X Rebirth is certainly an ambitious game and the time you spend in space is full of truly beautiful sights, sadly this is about all the game has going for it. Bugs have rendered the game nearly unplayable, with the HUD not loading on some saves leading to the controls being completely unresponsive – when this happens the only recourse is to go back to the main menu and start a new game – and with player characters getting stuck between locker doors with no way of freeing them, again leading to restarts. As of the time of writing I have 14 saves which are completely unplayable due to several game breaking bugs.

There are a host of other bugs and performance issues that aren’t necessarily game breaking, but make the core experience unenjoyable. I have a fairly high end PC and I started with framerates approaching 120FPS though I very quickly found that many areas caused my framerate to drop to sub 20FPS levels, on occasion even reaching single digit territory. X Rebirth is a pretty game – at least in space; the space stations are pretty ugly – but it’s not that pretty.

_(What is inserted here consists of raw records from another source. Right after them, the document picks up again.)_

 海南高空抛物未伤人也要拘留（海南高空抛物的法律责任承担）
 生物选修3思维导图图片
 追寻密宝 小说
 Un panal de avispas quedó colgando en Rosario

The choppy animations do not help make the case for the space stations of which there is only a handful of level blueprints, filled with an equally limited selection of NPCs who have some of the strangest animations I’ve seen in a while. Voices seem to be randomly mixed and matched between NPCs, some NPCs are wearing full space suits or armour that bends like rubber when they turn their heads to address you, and there was some strange obsession among the designers that led to them filling the space stations with creepy holograms of pole dancers and large neon-orange signs depicting a woman’s bare backside. This is all on top of your companion having a heart-shaped cut-out in her armour that serves to ensure her cleavage is always on display. At first I was a little taken aback at these crude attempts to insert sex appeal into the game, later I just found the absurdity to be hilarious. I would not be at all surprised to discover that X Rebirth contained the space sim equivalent of the ‘Hot Coffee’ incident, but maybe I’m just being uncharitable.

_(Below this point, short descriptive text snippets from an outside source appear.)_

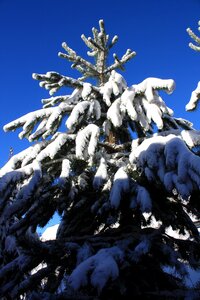 Winter snow fir photo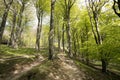 Springtime Danish beech forest Royalty Free Stock Photo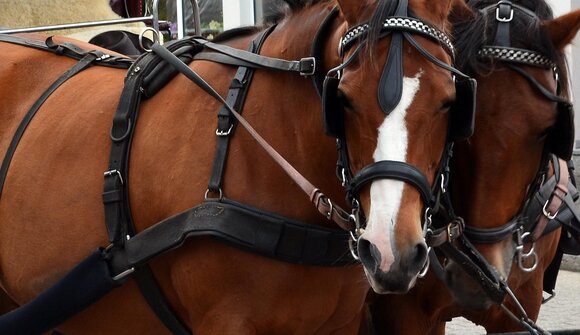 Horse-drawn carriage ride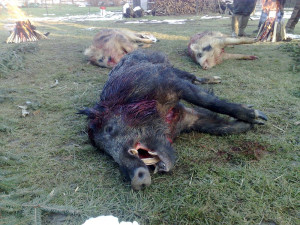 Related Pictures wild boar piglets pic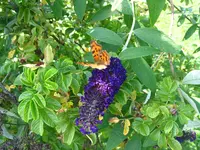 schmetterlinge 001.webp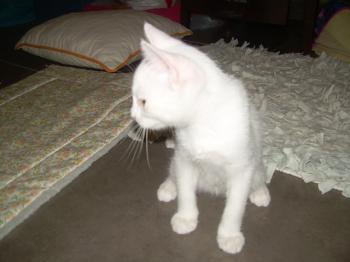 Bild von Golfi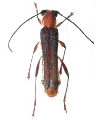 Thranius rufescens
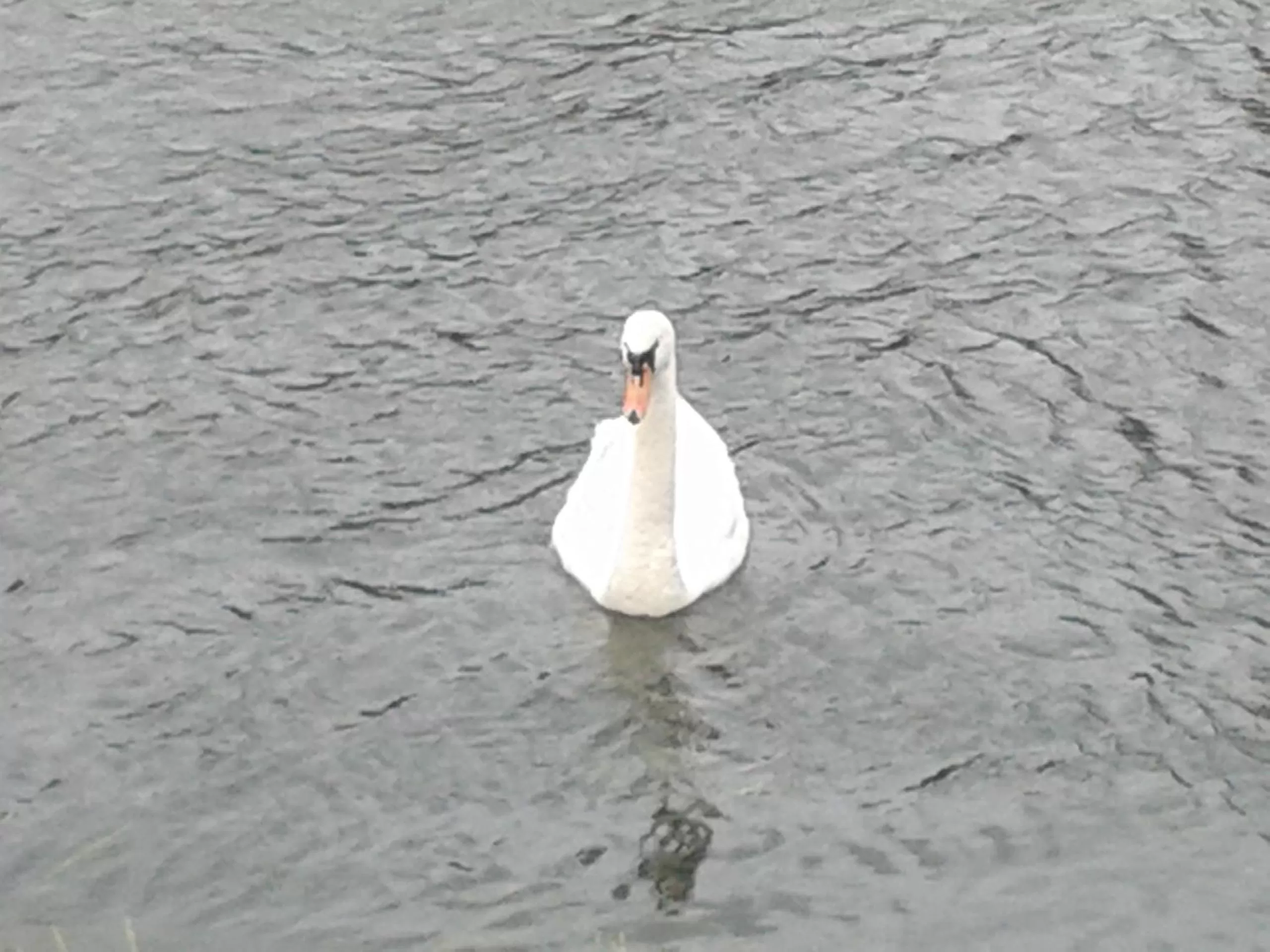 Activities in La Sirène
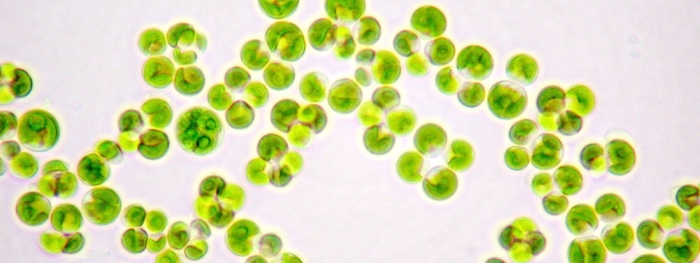 Микроводоросль хлорелла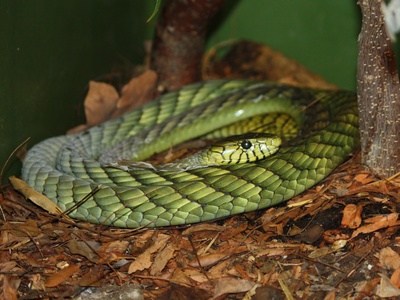 Western Green Mamba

Unfortunately bugs and strange design decisions aren’t the only issue with X Rebirth. Combat is mostly a bland affair, lacking in any real sense of danger or speed. Larger capital ships pose little threat as most have large ‘blind-spots’ which are completely unprotected and it’s a fairly simple task to match their velocity whilst in one of these blind-spots and pummel the ship to oblivion. Smaller fighters have the manoeuvrability to keep their weapons trained on you, but they are so fragile that one or two bursts with the starter cannon is usually enough to bring them down and only large swarms even come close to presenting a tangible challenge. In short, you start with the greatest ship ever produced by human hands and most upgrades to this ship are for convenience only.

The other aspects of X’s gameplay are all needlessly difficult and confusing, with all of this difficulty coming from the appalling menu design. Just setting up a simple trade feels cumbersome and not worth the time. Managing more complex trades or multiple trades can take quite some time with options hidden in submenu after submenu. Ultimately the trading in X Rebirth will likely only appeal to the hardest of hardcore traders who absolutely must scratch their need to trade in a recently released space sim and even they may find their mercantile desires swiftly wane in the face of X’s convoluted menu system.

X Rebirth does have a very basic story mode that is supposed to be a tutorial but beyond giving a few simple goals it doesn’t do much to actually teach new players how to play the game. Newcomers to the X series will have to spend a lot of time on forums and Wikis and even veteran players may find themselves struggling to navigate the obtuse menus. The story itself is not worth the time taken to listen to the dialogue options and frankly the free-play mode is just a vast improvement on the story mode.

There are a few nice touches to X Rebirth. If you dock aboard a large ship, or a space station with an open hangar, you can still see what’s going on outside of the space station including any space battles that were happening as you docked. In addition to this, the sense of scale inside larger ship docking bays is quite impressive, though you can only explore a very small area. Space as a whole is rather pretty in X. Sunlight reflects off solar arrays and ships alike, while capital ships have a nice level of detail and the way they explode upon destruction is suitably awe inspiring.

Those few aesthetic points aside, X Rebirth is a deeply flawed game. Riddled with bugs, poor design choices, weak core mechanics, and a shallow world, X Rebirth is not a game that I can recommend.


2 out of 10

A copy of the game was provided by the publisher for the purpose of this review.